Banking Codes and Standards Board of India

Agency overview
- Formed: 18 February 2006
- Dissolved: 28 September 2021
- Headquarters: Mumbai, Maharashtra
- Agency executive: A C Mahajan, Chairman;
- Website: www.bcsbi.org.in

= Banking Codes and Standards Board of India =

Banking watchdog in India

The Banking Codes and Standards Board of India (BCSBI) was an independent banking industry watchdog that protects consumers of banking services in India. The board oversaw compliance with the "Code of Bank's Commitment to Customers". It was not a compensation mechanism and looked into an individual complaint only to the extent it points to any systemic compliance failure. It was an independent and autonomous body, registered as a separate society under the Societies Registration Act, 1860 on 18 February 2006. The Reserve Bank of India extended financial support to the Board, meeting its expenses for the first five years.

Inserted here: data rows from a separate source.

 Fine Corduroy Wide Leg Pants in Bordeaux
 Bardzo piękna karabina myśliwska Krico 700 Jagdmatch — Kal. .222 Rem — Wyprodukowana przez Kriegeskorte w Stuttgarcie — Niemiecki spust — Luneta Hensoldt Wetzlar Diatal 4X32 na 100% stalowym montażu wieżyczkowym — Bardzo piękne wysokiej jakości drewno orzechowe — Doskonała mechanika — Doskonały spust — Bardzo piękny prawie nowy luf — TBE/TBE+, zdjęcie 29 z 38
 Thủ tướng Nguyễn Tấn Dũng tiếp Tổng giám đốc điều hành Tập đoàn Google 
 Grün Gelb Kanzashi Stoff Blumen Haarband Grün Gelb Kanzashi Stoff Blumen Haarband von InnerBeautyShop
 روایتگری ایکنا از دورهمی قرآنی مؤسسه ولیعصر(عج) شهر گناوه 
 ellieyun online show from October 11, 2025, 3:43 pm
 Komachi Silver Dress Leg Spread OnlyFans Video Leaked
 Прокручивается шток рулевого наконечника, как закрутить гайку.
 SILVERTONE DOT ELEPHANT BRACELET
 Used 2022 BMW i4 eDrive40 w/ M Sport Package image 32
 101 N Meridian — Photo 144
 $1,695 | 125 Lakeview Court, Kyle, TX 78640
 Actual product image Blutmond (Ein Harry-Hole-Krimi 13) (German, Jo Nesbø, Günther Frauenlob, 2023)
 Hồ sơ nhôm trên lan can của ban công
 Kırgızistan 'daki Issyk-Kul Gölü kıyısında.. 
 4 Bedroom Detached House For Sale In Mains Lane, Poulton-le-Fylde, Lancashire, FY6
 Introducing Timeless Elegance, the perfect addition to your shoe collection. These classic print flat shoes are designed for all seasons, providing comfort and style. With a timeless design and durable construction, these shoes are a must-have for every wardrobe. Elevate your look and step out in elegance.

However, on 28 September 2021, the member banks passed resolutions approving BCBSI dissolution.

== Main aims ==
- To plan, evolve, prepare, develop, promote and publish voluntary, comprehensive Code and Standards for banks, to provide fair treatment to their customers.
- To function as an independent and autonomous watchdog to monitor and ensure that the Codes and Standards are adhered to.
- To conduct and undertake research of Codes and Standards currently in use around the world.
- To enter into covenants with banks on observance of codes and standards and to train employees of such banks about the Codes.
- To help people affected by natural calamities.

== History ==
S S Tarapore (Former deputy general of RBI ) came up with an idea to form a committee for the benefit of customer so that they can get better financial services.

== Governing Council ==
The board was governed by a six-member governing Council including one chairman.

== Members ==
As of February 2013, 69 scheduled commercial banks, 11 Urban Co-operative Banks and 54 regional rural banks are members of the board.